The stolen PIN serves two purposes: it enables the operators to unlock the device at will during remote access sessions, and the credentials themselves are valuable since biometric data cannot be extracted through keylogging but PINs can.

Android 13 Restricted Settings Bypass

Android 13 introduced "restricted settings" that block sideloaded apps from requesting accessibility service and notification listener permissions. Chameleon v2 counters this by displaying an HTML instruction page that walks the victim through manually enabling accessibility for the app via Settings, step by step. The page mimics a legitimate system prompt.

Accessibility Abuse

Once accessibility is granted, Chameleon v2 operates with the standard banking trojan pattern with several additions:

  1. Auto-grants additional permissions without user interaction
  2. Monitors foreground app changes via TYPE_WINDOW_STATE_CHANGED
  3. Triggers overlay injection for target banking apps
  4. Captures keystrokes globally, including PIN/pattern entry
  5. Dismisses biometric prompts to force PIN fallback
  6. Disables Google Play Protect to prevent detection
  7. Prevents navigation to app settings to block uninstallation

C2 Communication

Chameleon communicates with its C2 over HTTP. The bot:

  • Registers with device fingerprint on first launch
  • Retrieves target application list and inject URLs
  • Polls for commands at regular intervals
  • Exfiltrates captured credentials, SMS, and cookies

Anti-Analysis

Technique Method
Emulator detection Checks device properties and sensor availability
Zombinder packing v2 delivered through DaaS packer to evade static detection
Play Protect disabling Actively disables Google Play Protect on infection
Dynamic payloads Dropper retrieves actual payload post-installation

Target Regions and Financial Institutions

Chameleon's geographic scope expanded with each version iteration.

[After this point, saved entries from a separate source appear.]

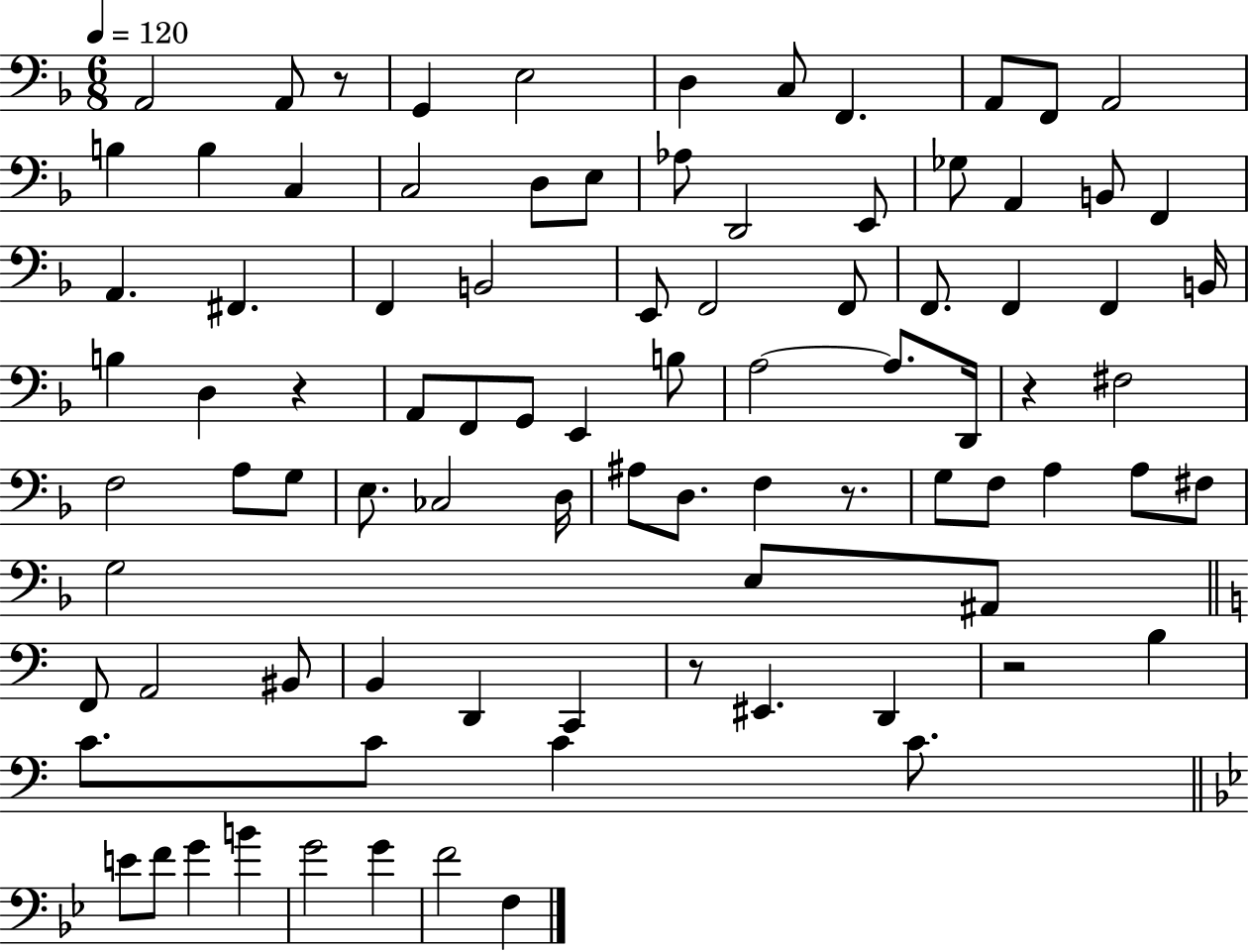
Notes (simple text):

A2/h A2/e R/e G2/q E3/h D3/q C3/e F2/q. A2/e F2/e A2/h B3/q B3/q C3/q C3/h D3/e E3/e Ab3/e D2/h E2/e Gb3/e A2/q B2/e F2/q A2/q. F#2/q. F2/q B2/h E2/e F2/h F2/e F2/e. F2/q F2/q B2/s B3/q D3/q R/q A2/e F2/e G2/e E2/q B3/e A3/h A3/e. D2/s R/q F#3/h F3/h A3/e G3/e E3/e. CES3/h D3/s A#3/e D3/e. F3/q R/e. G3/e F3/e A3/q A3/e F#3/e G3/h E3/e A#2/e F2/e A2/h BIS2/e B2/q D2/q C2/q R/e EIS2/q. D2/q R/h B3/q C4/e. C4/e C4/q C4/e. E4/e F4/e G4/q B4/q G4/h G4/q F4/h F3/q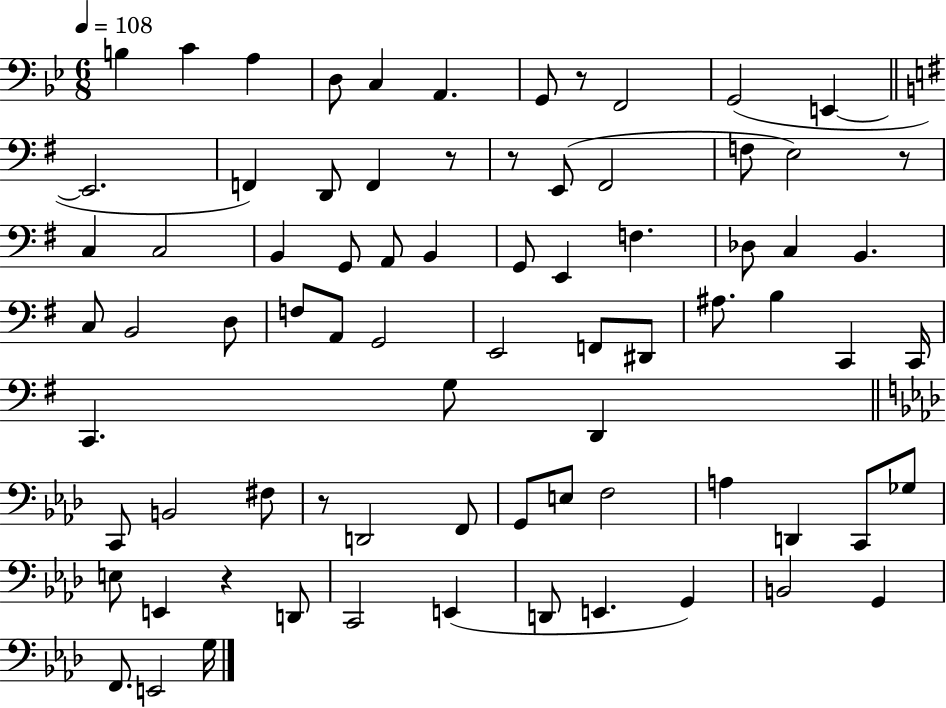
{
  \clef bass
  \numericTimeSignature
  \time 6/8
  \key bes \major
  \tempo 4 = 108
  \repeat volta 2 { b4 c'4 a4 | d8 c4 a,4. | g,8 r8 f,2 | g,2( e,4~~ | \break \bar "||" \break \key g \major e,2. | f,4) d,8 f,4 r8 | r8 e,8( fis,2 | f8 e2) r8 | \break c4 c2 | b,4 g,8 a,8 b,4 | g,8 e,4 f4. | des8 c4 b,4. | \break c8 b,2 d8 | f8 a,8 g,2 | e,2 f,8 dis,8 | ais8. b4 c,4 c,16 | \break c,4. g8 d,4 | \bar "||" \break \key aes \major c,8 b,2 fis8 | r8 d,2 f,8 | g,8 e8 f2 | a4 d,4 c,8 ges8 | \break e8 e,4 r4 d,8 | c,2 e,4( | d,8 e,4. g,4) | b,2 g,4 | \break f,8. e,2 g16 | } \bar "|."
}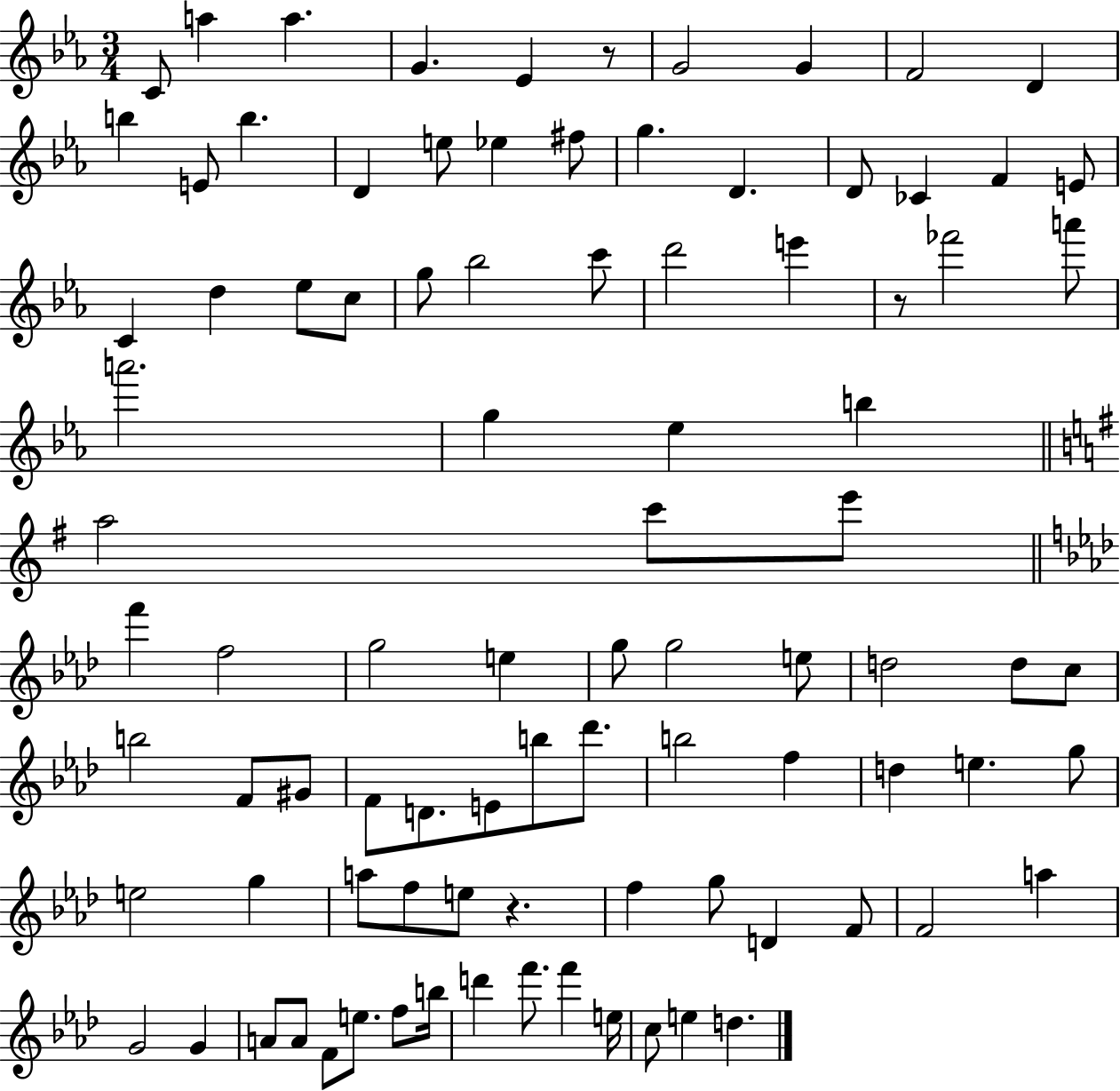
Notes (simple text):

C4/e A5/q A5/q. G4/q. Eb4/q R/e G4/h G4/q F4/h D4/q B5/q E4/e B5/q. D4/q E5/e Eb5/q F#5/e G5/q. D4/q. D4/e CES4/q F4/q E4/e C4/q D5/q Eb5/e C5/e G5/e Bb5/h C6/e D6/h E6/q R/e FES6/h A6/e A6/h. G5/q Eb5/q B5/q A5/h C6/e E6/e F6/q F5/h G5/h E5/q G5/e G5/h E5/e D5/h D5/e C5/e B5/h F4/e G#4/e F4/e D4/e. E4/e B5/e Db6/e. B5/h F5/q D5/q E5/q. G5/e E5/h G5/q A5/e F5/e E5/e R/q. F5/q G5/e D4/q F4/e F4/h A5/q G4/h G4/q A4/e A4/e F4/e E5/e. F5/e B5/s D6/q F6/e. F6/q E5/s C5/e E5/q D5/q.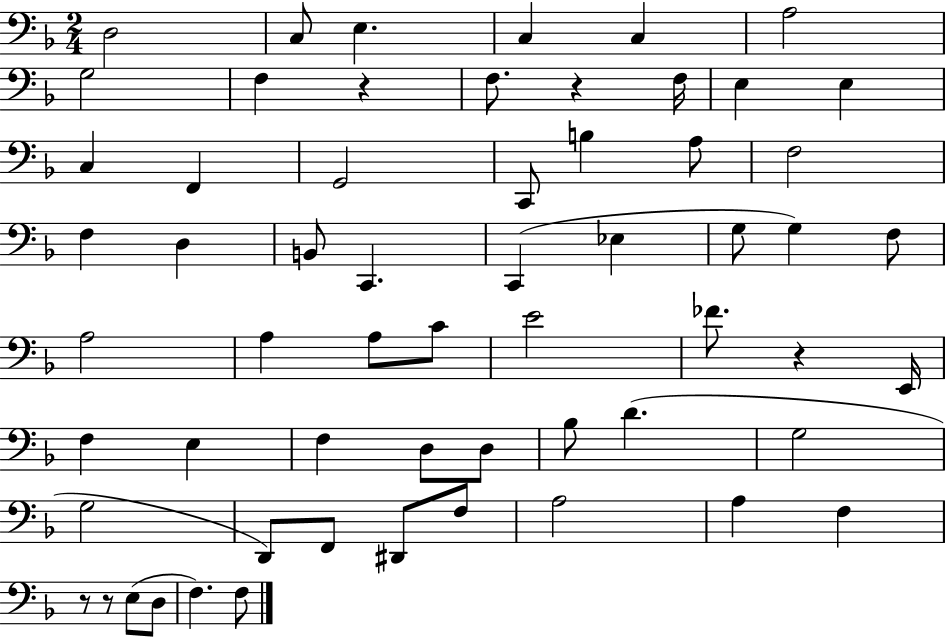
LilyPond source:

{
  \clef bass
  \numericTimeSignature
  \time 2/4
  \key f \major
  \repeat volta 2 { d2 | c8 e4. | c4 c4 | a2 | \break g2 | f4 r4 | f8. r4 f16 | e4 e4 | \break c4 f,4 | g,2 | c,8 b4 a8 | f2 | \break f4 d4 | b,8 c,4. | c,4( ees4 | g8 g4) f8 | \break a2 | a4 a8 c'8 | e'2 | fes'8. r4 e,16 | \break f4 e4 | f4 d8 d8 | bes8 d'4.( | g2 | \break g2 | d,8) f,8 dis,8 f8 | a2 | a4 f4 | \break r8 r8 e8( d8 | f4.) f8 | } \bar "|."
}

Version Regions Target Types
v1 (Jan 2023) Australia, Poland Banking apps, cryptocurrency apps (CoinSpot), government agency impersonation
v2 (Dec 2023) Australia, Poland, UK, Italy European banking apps, expanded crypto targeting
CRM campaign (Jul 2024) Canada, Europe Hospitality sector corporate banking, B2C employee targeting

Australian and Polish institutions were the original and most consistent targets. The v2 expansion into the UK and Italy aligned with distribution through Zombinder, which has a broad European operator base.

Notable Campaigns

January 2023: Chameleon first observed in the wild, targeting Australian and Polish users. Samples impersonated the CoinSpot cryptocurrency app, Australian government agencies, and the Polish IKO banking app.

April 2023: Cyble published the initial discovery analysis, documenting the malware's capabilities, distribution through compromised websites and Discord, and assessment that it was still in early development.

December 2023: ThreatFabric published the v2 analysis revealing the biometric bypass and Android 13 restricted settings circumvention. Distribution via Zombinder was confirmed, with samples masquerading as Google Chrome. Targeting expanded to UK and Italian banking customers.

July 2024: ThreatFabric reported a new campaign targeting hospitality sector employees in Canada and Europe through fake CRM applications. The campaign used multi-stage droppers that displayed a fake CRM login page before deploying Chameleon. This marked a shift toward targeting corporate banking access rather than individual consumers.